New Testament
Invasion of the Dead: Preaching Resurrection, by Brian K. Blount. Our reluctance to engage apocalyptic eschatology renders the gospel moralistic and largely unable to speak about death. That’s a tragic failure of theological creativity for a people navigating a culture that is fixated on death and doomsday scenarios. With incisive and enlivening tours through Revelation, Paul, and Mark, Blount calls preachers to hold resurrection as the center of Christian proclamation—not resurrection as life restored and thus a retort to death, but as life achieved through death and thus a dismantling of death itself. In resurrection we encounter a God who loves the world and its population too much to leave them prey to destructive forces.
Unholy Allegiances: Heeding Revelation’s Warning, by David A. deSilva. With a new Left Behind film on the horizon, this accessible volume can be a timely and useful resource to those who don’t know what to make of the last book in the Bible. Neither a commentary nor a guidebook, it prepares readers to engage Revelation with one eye on its historical context and another on the things that may inhibit the church’s faithful witness today. Chapters explain the Roman propaganda machine, Revelation’s pointed criticism of Rome’s imperialistic excesses, the pastoral and prophetic dimensions of the letters to the seven churches, popular ways of misinterpreting Revelation, and Revelation’s depiction of God’s power and resolve to establish peace.

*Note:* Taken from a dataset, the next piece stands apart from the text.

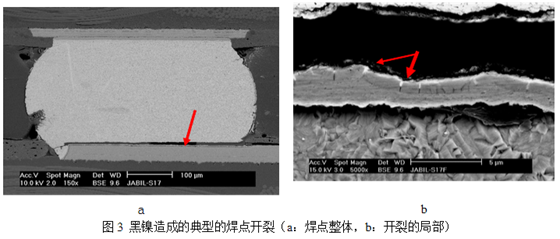 當(dāng)這種焊墊進(jìn)行高溫焊接時，作為可焊性保護(hù)層的金會迅速溶解到錫膏中去，而已經(jīng)被腐蝕氧化的鎳則無法與熔融的錫形成共化物(IMC)，導(dǎo)致焊點(diǎn)可靠性嚴(yán)重下降，只要稍微受外力影響即發(fā)生開裂-深圳宏力捷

Sense and Stigma in the Gospels: Depictions of Sensory-Disabled Characters, by Louise J. Lawrence. It’s one thing to understand from a historical perspective why biblical writings employ language about blindness, deafness, and polluted or malodorous conditions as metaphors for spiritual ignorance or deficiency. But how can our interpretation of texts, especially those that involve culturally marginalized characters interacting with Jesus in the Gospels, go beyond merely reifying the problematic and condescending premises at the roots of those metaphors? Lawrence introduces insights from sensory anthropology and discovers in these characters agency and personhood that challenge our presumptions about what or who is normal.